Meski demikian, bersamaan dengan perayaan Natal 2017, kita menangkap kesan kegelisahan di sebagian masyarakat tentang semangat kita berbangsa dan bernegara. Pesan Natal Konferensi Waligereja Indonesia (KWI) dan Persekutuan Gereja-gereja Indonesia (PGI) tahun 2017 menyiratkan pesan kecemasan itu. "Saat ini kita sedang cemas. Persatuan kita sebagai bangsa sedang terancam perpecahan. Keresahan dan kecemasan itu terasa beberapa tahun belakangan."

Kita garis bawahi pesan itu. Kecemasan dan kekhawatiran tidak boleh terlalu berlarut menyelimuti hidup kita.

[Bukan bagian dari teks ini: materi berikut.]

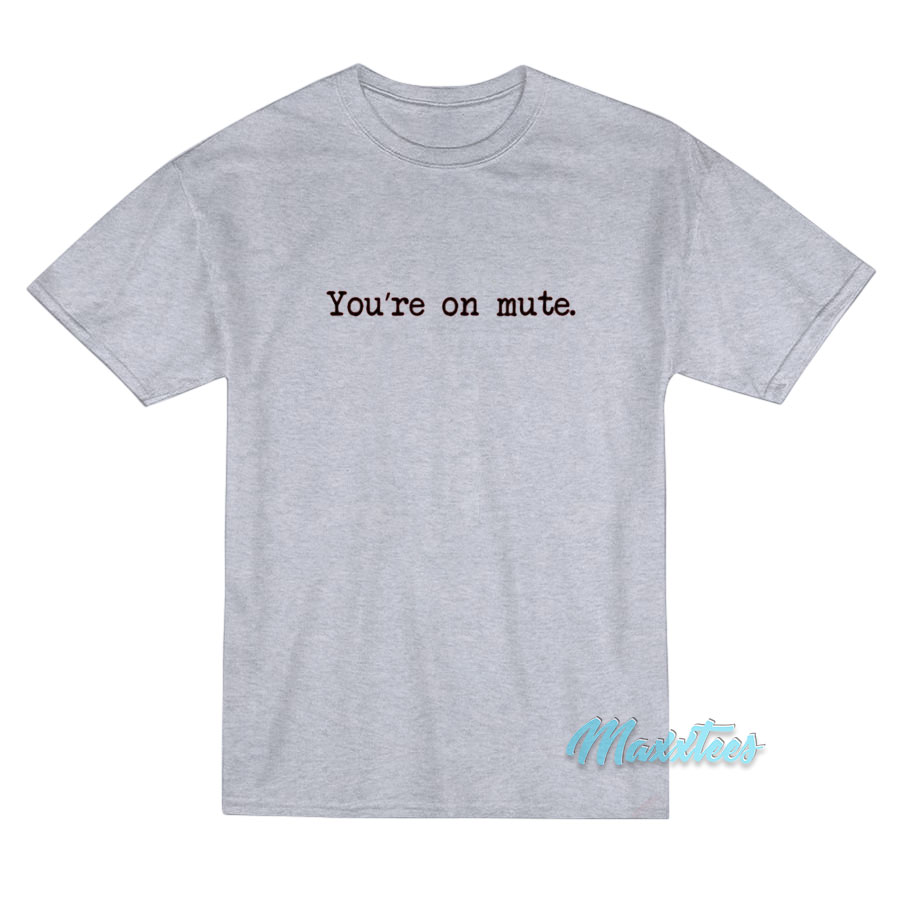 You're On Mute T-shirt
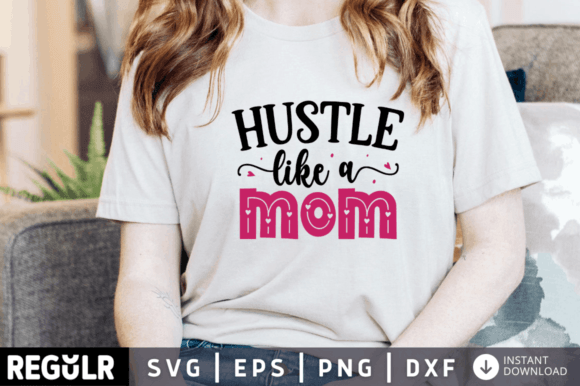 Reviewing the Hustle Like a Mom Svg Design for Stitch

Dalam sebuah proses politik yang bernama pemilu akan selalu ada yang kalah dan menang. Namun, dalam sebuah proses pemilu yang mengeksploitasi sentimen primordial, bisa merusak tenun kebangsaan yang dari sananya sudah majemuk. Ada batin yang terluka dan membutuhkan emotional healing yang lama untuk merajut kembali tenun kebangsaan. Terlalu besar risikonya jika gagal dalam menjaga keindonesiaan.

Pemilihan presiden AS yang menempatkan Donald Trump menjadi contoh. Tindakan Trump dalam membelah warga Amerika, sampai membuat Presiden Barack Obama berkomentar, "Kalau Anda menang kampanye dengan memecah belah rakyat, Anda takkan bisa memerintah dan Anda tak akan bisa mempersatukan mereka."

Pidato Obama relevan dengan kondisi kekinian di Tanah Air. Elite politik yang akan mengikuti pilkada dan pilpres hendaknya memahami bahwa mereka juga punya tanggung jawab besar merajut tenun kebangsaan dan bukan malah merusak tenun kebangsaan yang sudah dibangun pendiri bangsa, apalagi hanya sekadar berburu kuasa. Tenun kebangsaan yang terkoyak harus kembali dirajut dengan sikap batin yang jujur bukan artifisial.